As previously stated, Web 2.0 relies on mass participation. The more you put in the more you get out of it. GiffGaff is an example of this, a mobile network run online through a community, if it’s members help solve other member’s issues or recruit more people onto GiffGaff they are rewarded with credit, and as this expands, more people join the greater the experience and rewards will be.
The way that many websites make their money or cover their running costs is through advertising. Double Click offered an advertising solution that was very web 1.0, you had to have it installed on your server, therefore this was a barrier to getting their software to mass market and making it accessible to the masses! Google oblitered this model with adsense. That the code could be installed into website design, could be featured not only on webpages but also search results and now on mobile devices. This requires very little technical know how and capitalises on “The Long Tail Theory”.
After Adsense out performed DoubleClick with this model, with having hundreds of thousands of adverts if not millions on the web it proved that a multi-platform, mass participation ad service was crucial. This is how Facebook is so successful with their advertising, now with more than 500 million active users, all this information helps them create well targeted ads that they can sell to commercial partners. This links in with knowledge is power, and that controlling that data is key to making it profitable. The more users on Facebook = more people consume your ad = greater R.O.I.
Beyond the obvious threat of file sharing to established entertainment and software industries, the communities that are surround open source projects such as Linux are rising, previously they were less user-friendly, however they are changing this dramatically to great effect with Dell now pre-installing it on certain ranges of notebooks. This operating system gets improved with the more that is being developed for it, but is given away for free. This business model of voluntary work, perpetual beta, donations and free for non-corporate use does present a challenge to the two big market share holders in the market. Apple & Microsoft, a clear effect of this has been Googles open-source phone software Android which has hit the mobile phone market. And they need to do something other than protectionism of their software to defeat it.

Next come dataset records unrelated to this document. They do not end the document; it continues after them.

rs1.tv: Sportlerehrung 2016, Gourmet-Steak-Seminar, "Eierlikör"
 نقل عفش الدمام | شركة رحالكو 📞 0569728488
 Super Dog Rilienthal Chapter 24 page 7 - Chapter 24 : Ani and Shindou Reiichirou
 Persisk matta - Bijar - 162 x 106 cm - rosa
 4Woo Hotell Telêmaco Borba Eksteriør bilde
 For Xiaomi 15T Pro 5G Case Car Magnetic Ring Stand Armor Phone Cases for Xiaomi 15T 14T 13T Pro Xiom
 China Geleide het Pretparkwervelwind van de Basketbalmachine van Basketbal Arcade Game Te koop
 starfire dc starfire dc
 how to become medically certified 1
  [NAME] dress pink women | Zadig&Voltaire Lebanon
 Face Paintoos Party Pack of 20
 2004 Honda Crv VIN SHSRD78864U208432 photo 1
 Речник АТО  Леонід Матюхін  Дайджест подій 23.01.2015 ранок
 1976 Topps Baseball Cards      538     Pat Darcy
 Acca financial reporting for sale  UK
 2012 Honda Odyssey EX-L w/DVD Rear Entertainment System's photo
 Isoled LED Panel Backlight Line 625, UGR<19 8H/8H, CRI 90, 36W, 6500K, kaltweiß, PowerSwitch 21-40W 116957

Cloud Computing The use of a Web services such as Flickr or Google Docs to perform functions that were traditionally done with software installed on an individual computer. Flickr- users upload pictures to the ‘cloud’ for storage and to be viewed by other users to be tagged and viewed by the community Amazon have a service which allows users to upload their pictures to a secure server in a remote location, at a cost for safe keeping
Google docs- Users can upload and download documents via Google’s servers to be edited in-browser, replacing traditional desktop-based applications such as Microsoft Word Google scholar- Allows the community to browse a huge selection of book extracts in-browser Google Mail- allows users to access their e-mails in-browser without them being physically stored on a pc- e.g Microsoft Outlook Google maps allows users to view cmmunity updated, satallite imagery that can be accessed both in-browser and on smart phones
Twitter- a social cloud where users update news in a real time stream of information, which real time news updates for example can be easily spread.
Free to play games that use your browser, as opposed to downloading the software onto your computer- you can play anywhere.
BitTorrent and P2P file sharing uses Web 2.0 to share files between computers, with each user uploading a small chunk of a file and sharing it across the network.